The loan amount can be reduced up to about 2 weeks before closing (to give the lender time to issue a new offer) as long as you can show that you have the difference in savings to satisfy the Money Laundering Act. Alternatively you can close on the offer you have and then just send in a cheque post completion if you really can't find another use for the money!

Sarah

www.rea.ie


----------



## eiregal (30 Jun 2005)

I'm sure I could think of several other things to do with my money but I'm just afraid to commit myself to mortgage repayments that may be too high for me.  By sending on a cheque, the repayments will remain the same, won't they, only the loan will be paid off sooner?  I was thinking that if I deducted the extra savings from the loan amount, the repayments overall would be some way less.  Am I right in thinking that?


----------



## salmon2005 (30 Jun 2005)

You would need to be careful on paying back a lump sum early as if you are on a fixed rate then the mortgage may charge you for it.I would advise keep the money untill you are sure you don't need it and know whether you are in a fixed rate or not then if you still want to pay it off the mortgage. Might also be worth looking at investing the extra money for a short time to cover sort term needs!-Just something to think about


----------



## Sarah W (30 Jun 2005)

eiregal said:
			
		

> I'm sure I could think of several other things to do with my money but I'm just afraid to commit myself to mortgage repayments that may be too high for me.  By sending on a cheque, the repayments will remain the same, won't they, only the loan will be paid off sooner?  I was thinking that if I deducted the extra savings from the loan amount, the repayments overall would be some way less.  Am I right in thinking that?

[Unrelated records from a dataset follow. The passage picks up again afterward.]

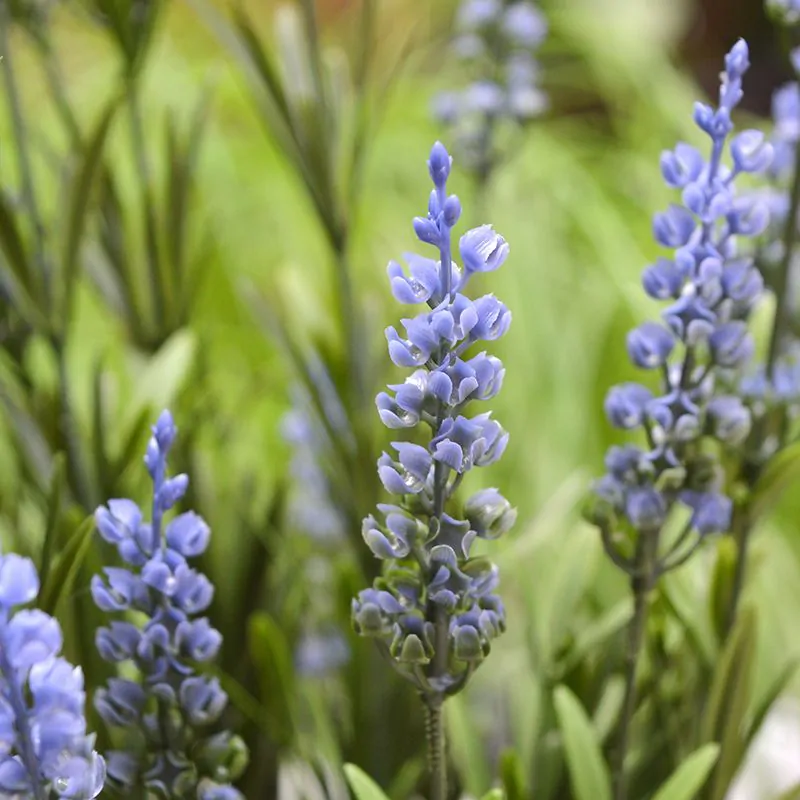 Lavendel kunstplant, H: 50 cm in pot – blauw – UV bestendig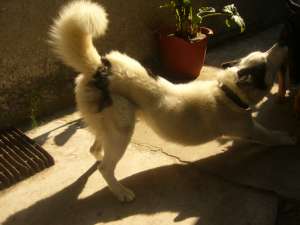 Vand Husky
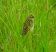 Cloud Cisticola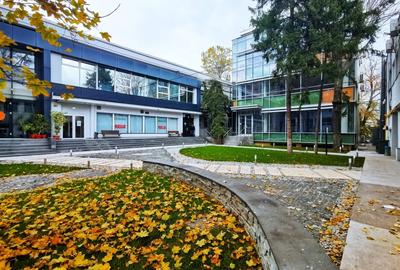 Spatiu comercial | Activitati diverse | Domenii | Cladire birouri - 4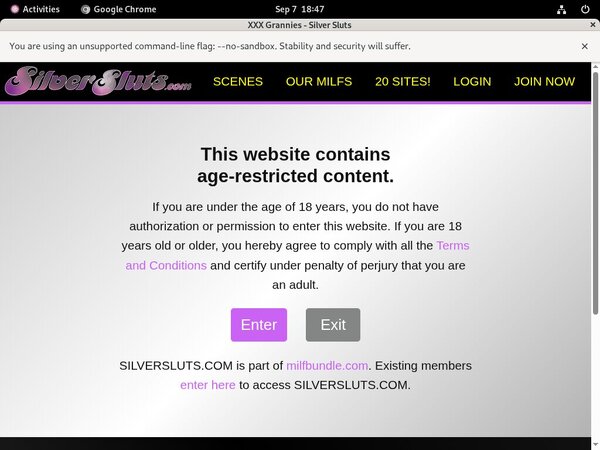 Silversluts Paypal Order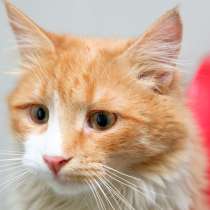 Смышленый Оксфорд мечтает встретить друга, в Москве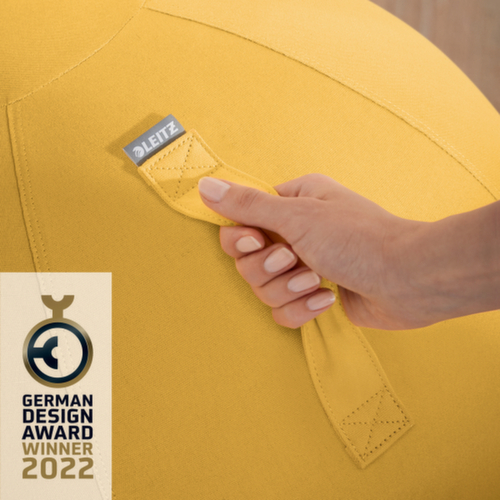 Leitz Sitzball Ergo Cosy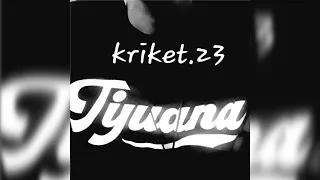 Kriket 616 Activos Y Puestos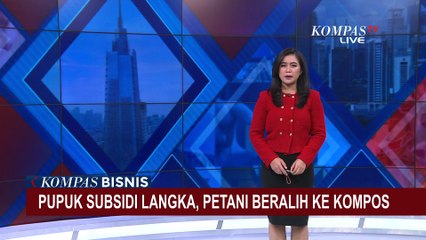 Download Video: Pupuk Subsidi Langka dan Mahal, Petani di Jember Beralih ke Pupuk Kompos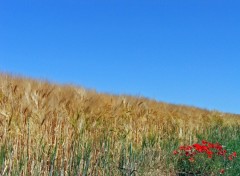 Fonds d'cran Nature Epis et Coquelicots...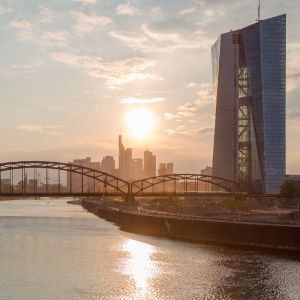 The ECB proposes dropping the guarantee of bank deposits The ECB proposes dropping the guarantee of bank deposits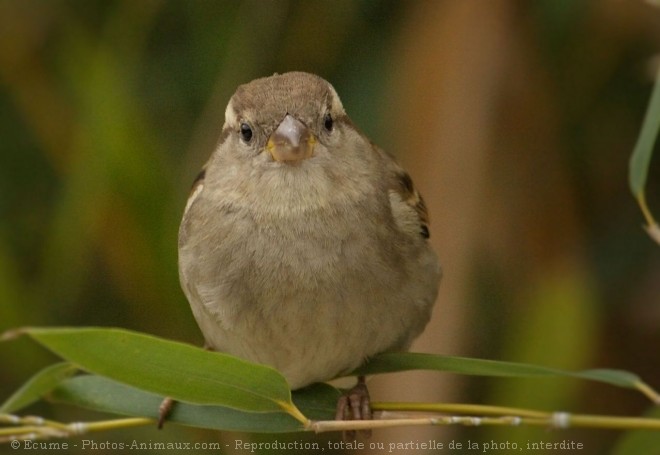 Photo de Moineau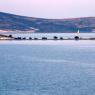 Foça - You can surf in Foça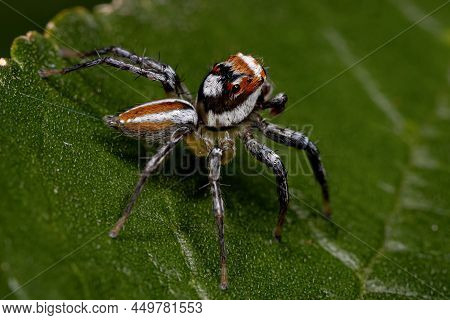 Adult Male Jumping Spider Of The Genus Chira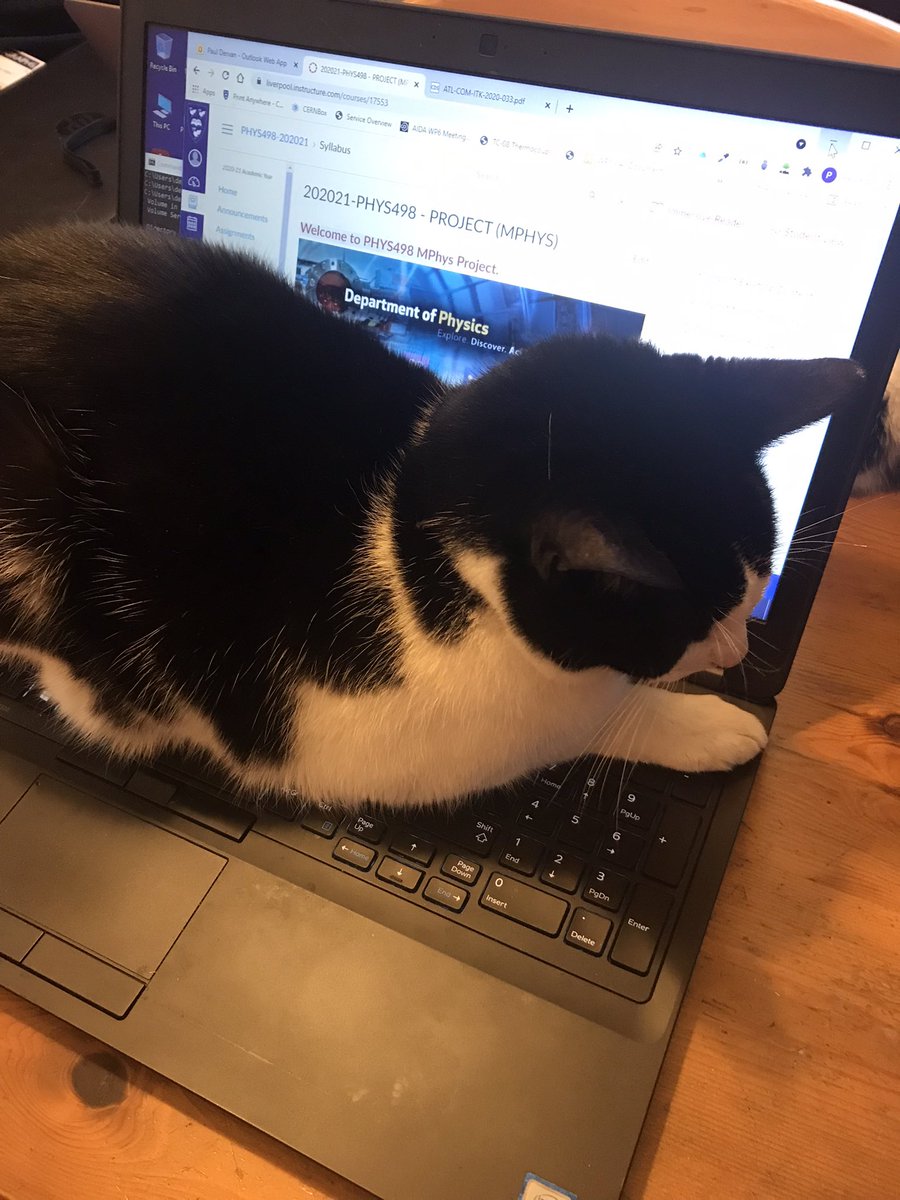 threemousekete1's tweet image. Keeping the laptop warm… tough job but someone’s got to do it. #jess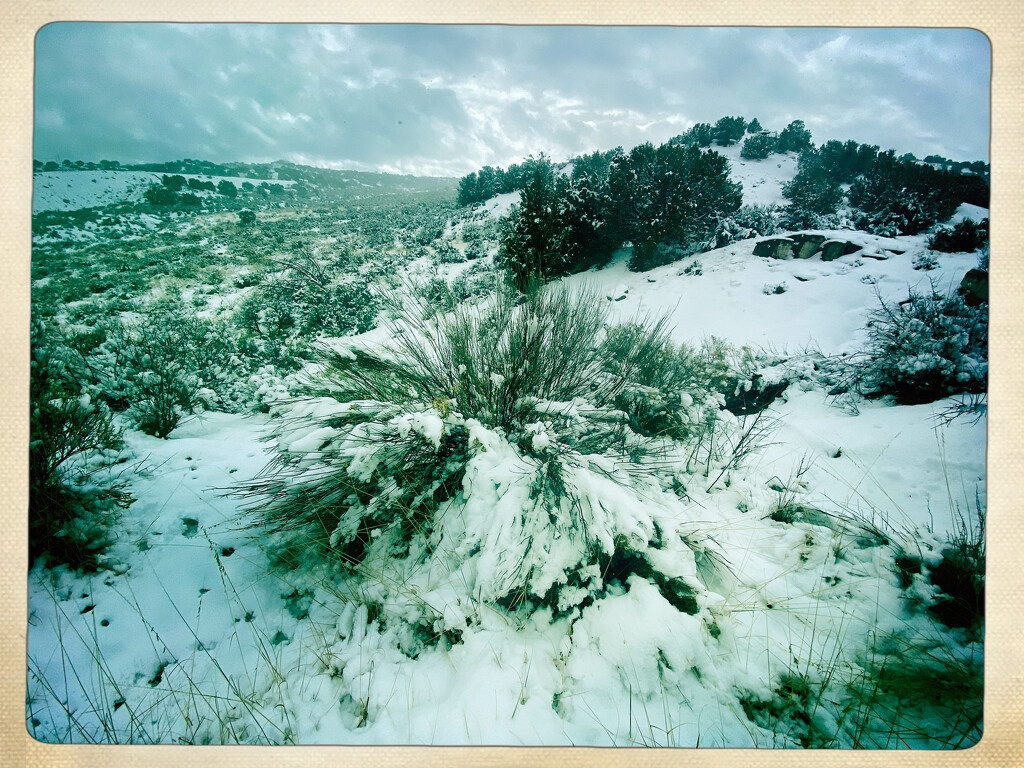 Snow Landscape by jeffjones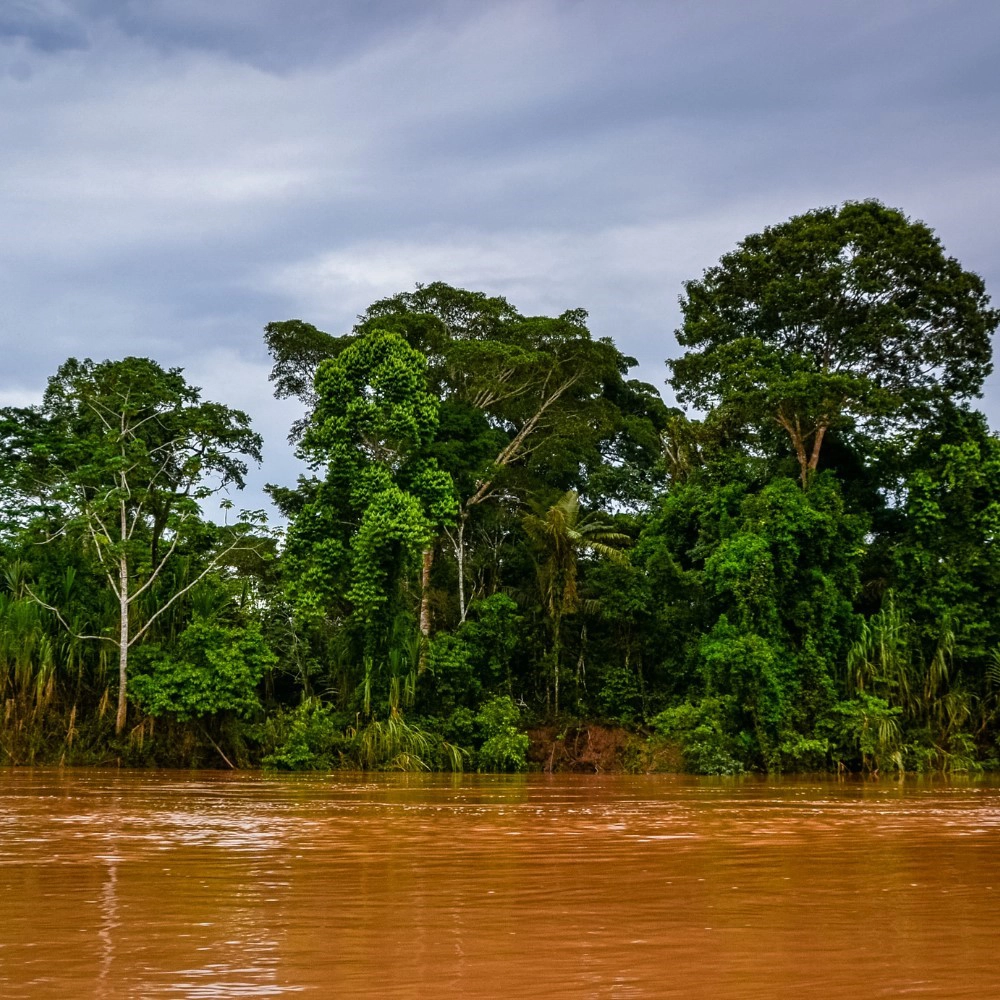 Alto Madre de Dios River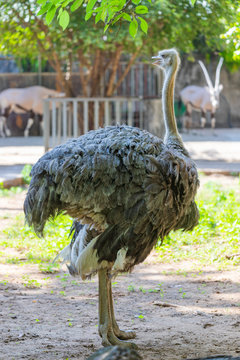 an Austrich full body picture
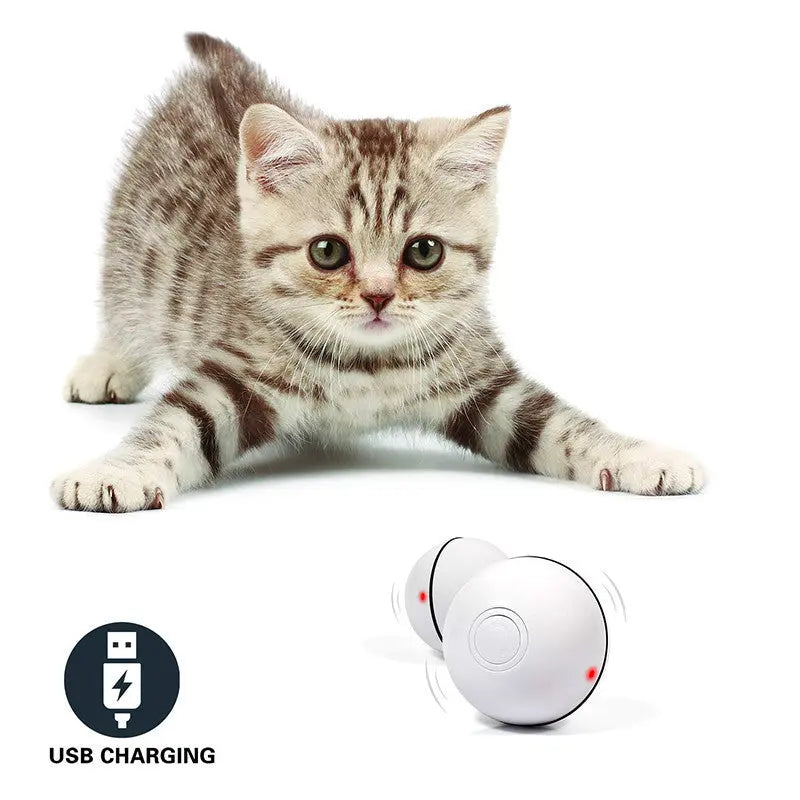interactive cat toy With LED Laser Electronic - YOUYA PET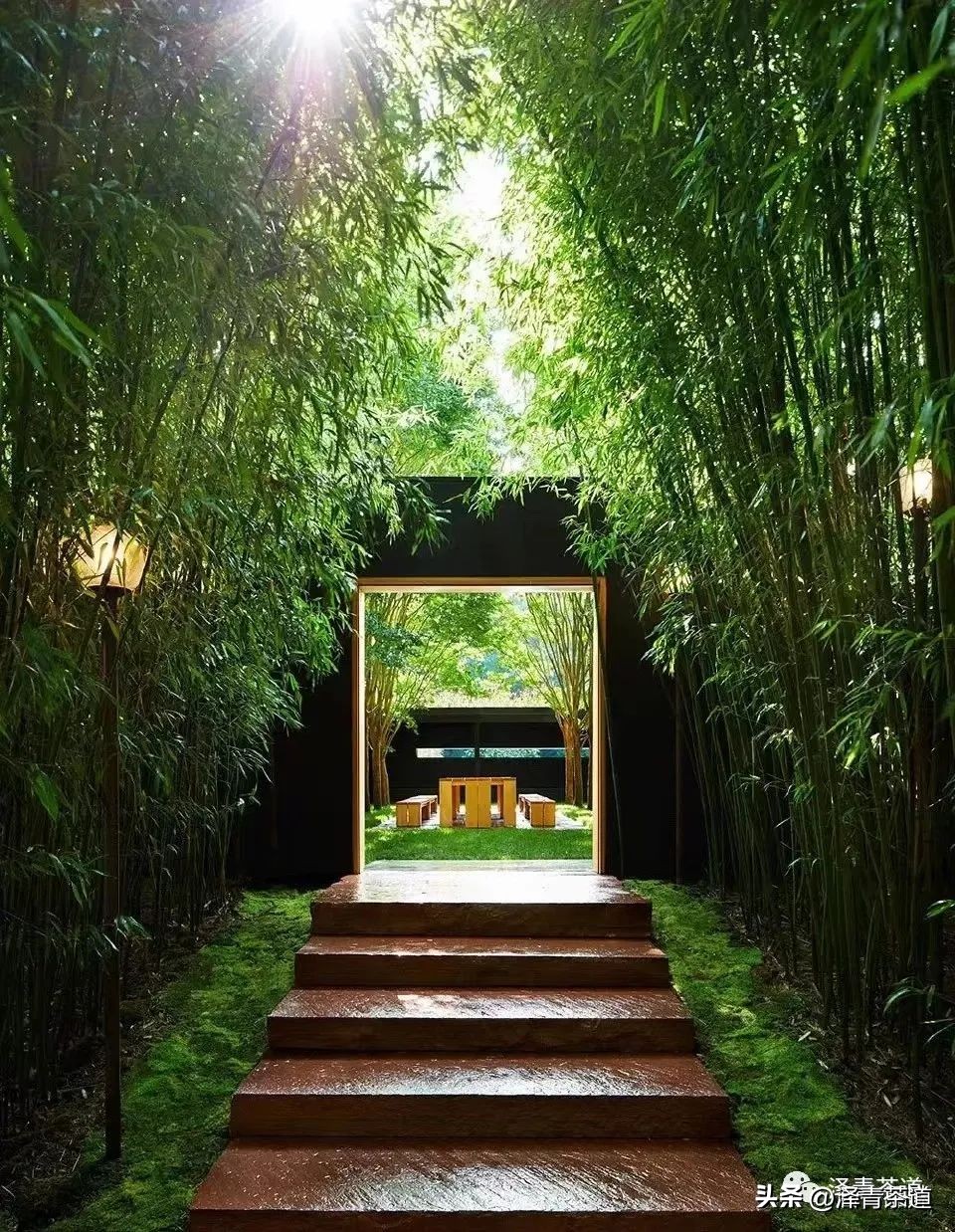 心情不好喝什么茶可以缓解,心情不好适合喝什么茶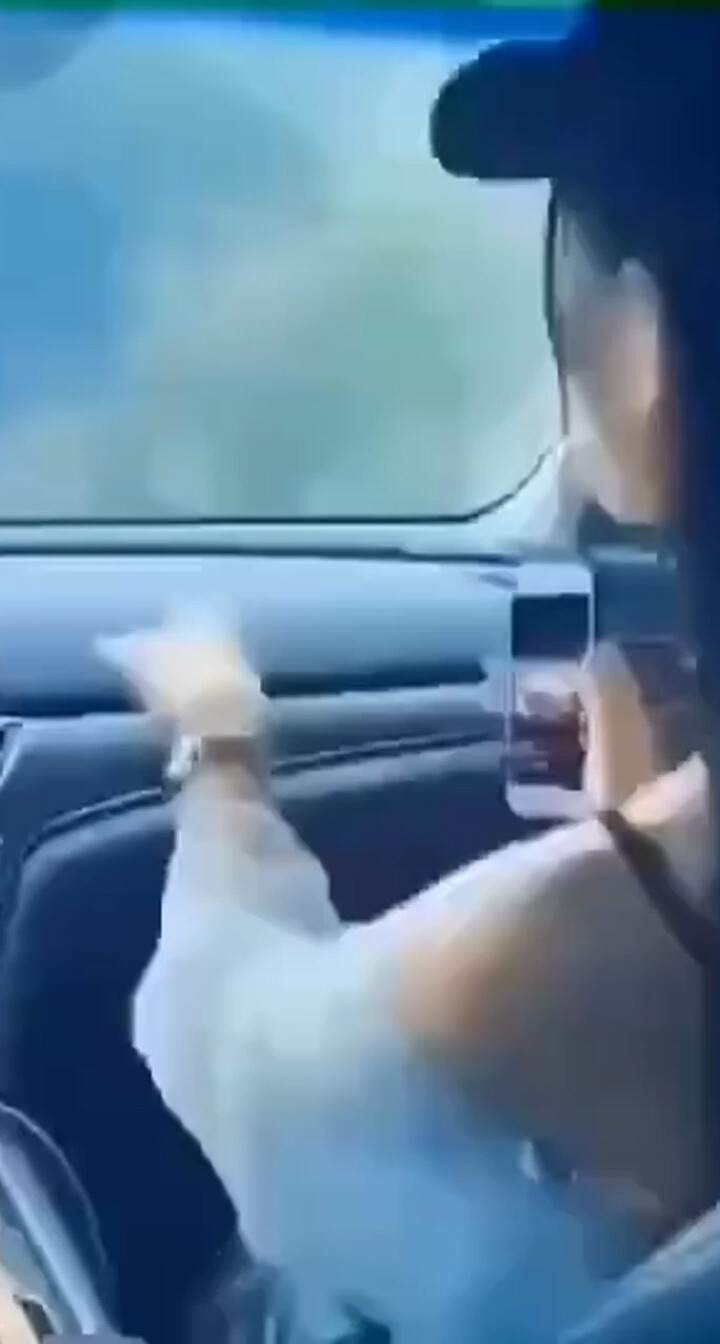 人生若只如初见，何事秋风悲画扇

You have two options - keep the repayments at the same level which will shorten the term or keep to the original term which will result in lower repayments but will make the mortgage more expensive overall. With either route ensure you make your wishes clearly in writing to the lender and get written confirmation.

Sarah

www.rea.ie


----------



## MOB (30 Jun 2005)

One other point to add to Sara's extremely helpful reply.  If you think that you might be able to reduce the amount of your mortgage, stick with a variable rate, on which there are no penalties for part redemption.  Then, if it turns out that late in the day that you need less, you can perhaps avoid the hassle of having to get out a fresh loan offer, and simply return a chunk of the loan cheque straight to your lender.

Similarly for self-build houses, ALWAYS apply for as much as you can get, and leave it on a variable rate.  You can always just not take the final instalment if it turns out you don't need it.   As a practising solicitor, I hate the situation of having to do a second mortgage for an extra €10k needed urgently due to budget over-runs.  

It's a client relations disaster area: No matter how little I charge, it will seem big relative to the sum being obtained.  

Nett  result: unhappy client, unhappy solicitor.


----------